[Opening Excerpted data section]
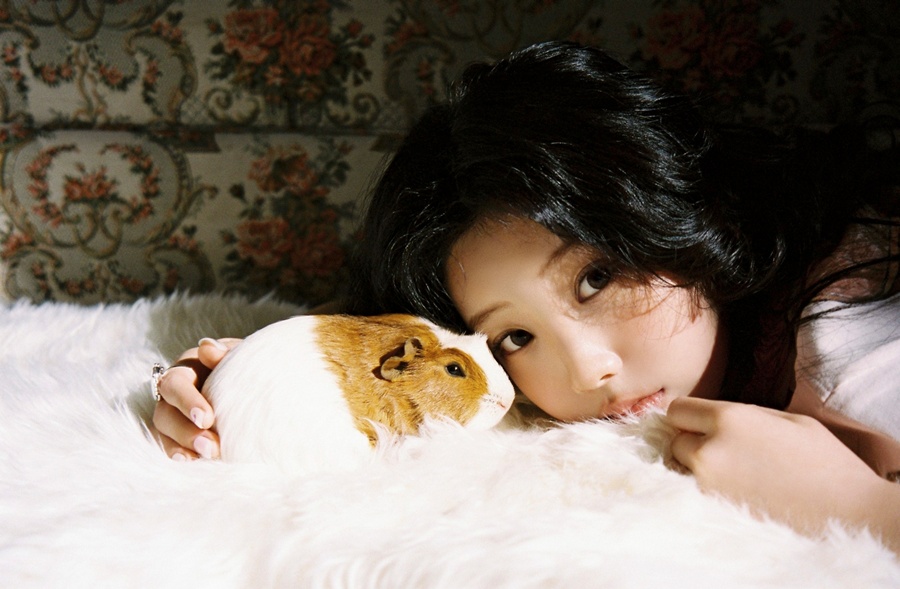 사랑스러운 원희와 기니의 만남…아일릿, 새 앨범 첫 콘셉트 포토 공개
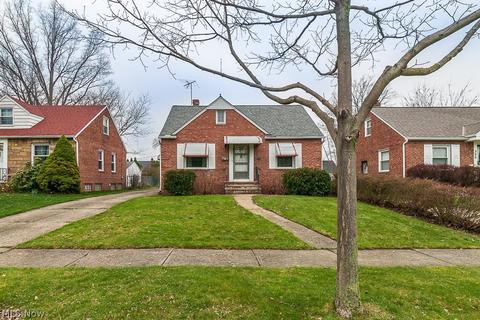 330 E 246th St, Euclid, OH 44123 photo 1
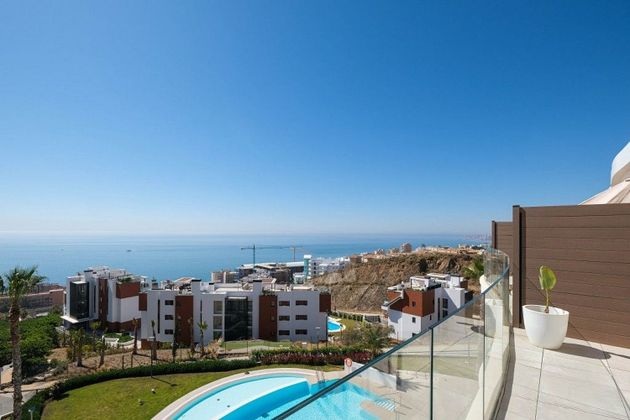 Foto 1 de Àtic en venda a Las Gaviotas de 2 habitacions amb terrassa i piscina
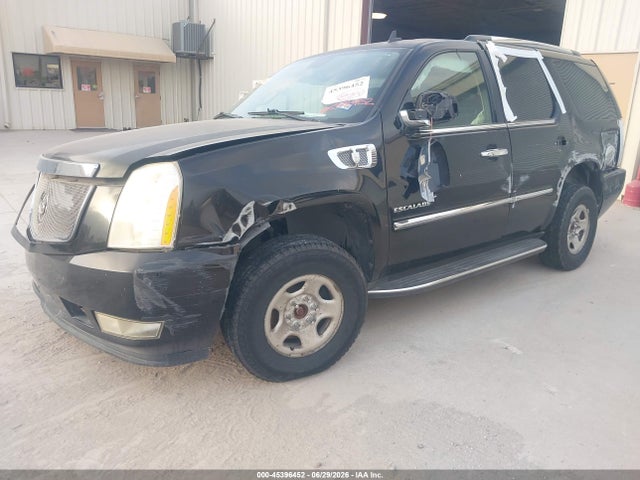 Продажа на аукционе авто 2010 Cadillac Escalade Luxury, vin: 1GYUKBEF0AR122353, номер лота: 45396452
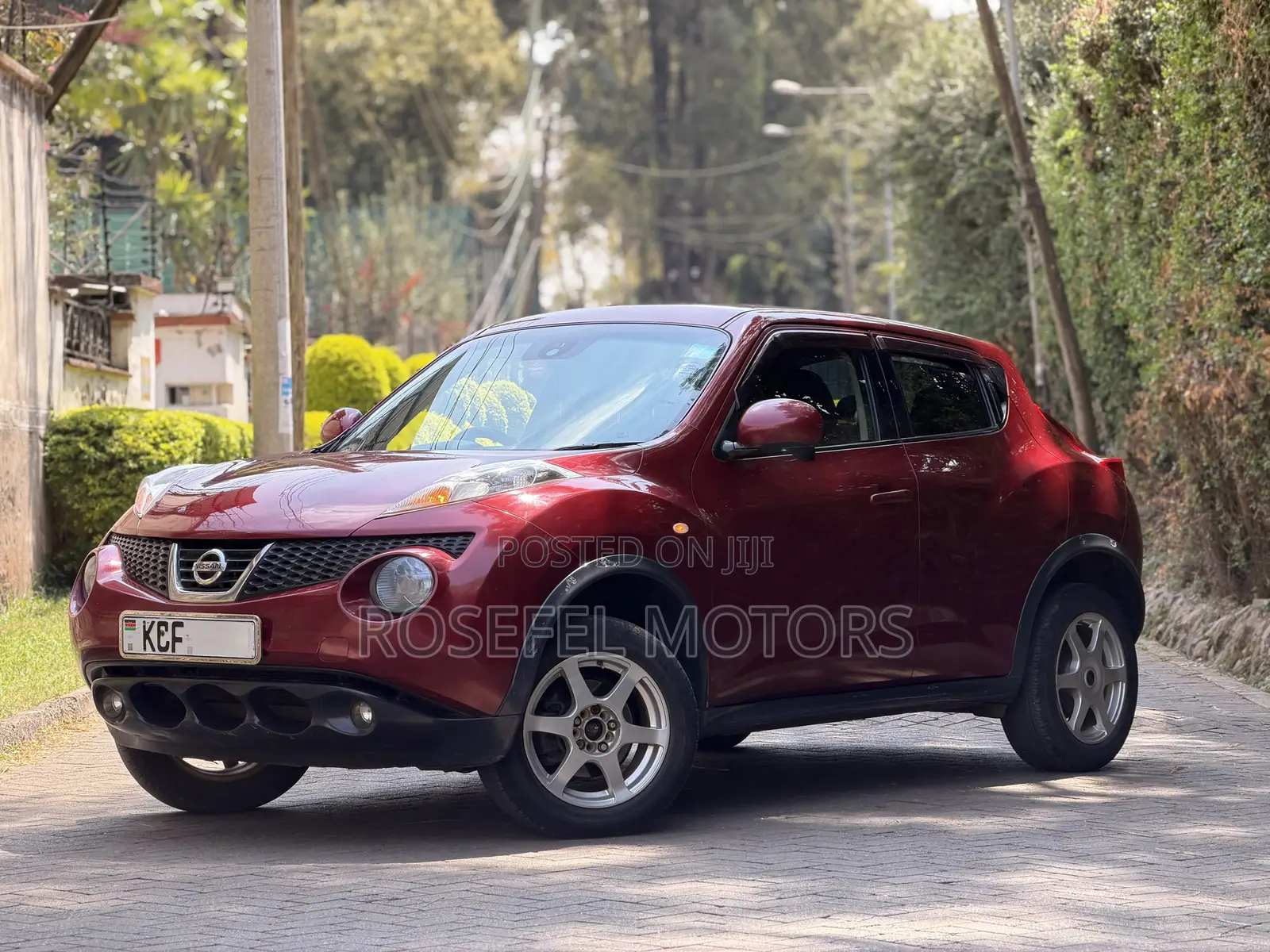 Nissan Juke 2011 Red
[Closing Excerpted data section]
| What to work on |
The answer must be an exact copy of the records, with no images in it.

| Task output |
 사랑스러운 원희와 기니의 만남…아일릿, 새 앨범 첫 콘셉트 포토 공개
 330 E 246th St, Euclid, OH 44123 photo 1
 Foto 1 de Àtic en venda a Las Gaviotas de 2 habitacions amb terrassa i piscina
 Продажа на аукционе авто 2010 Cadillac Escalade Luxury, vin: 1GYUKBEF0AR122353, номер лота: 45396452
 Nissan Juke 2011 Red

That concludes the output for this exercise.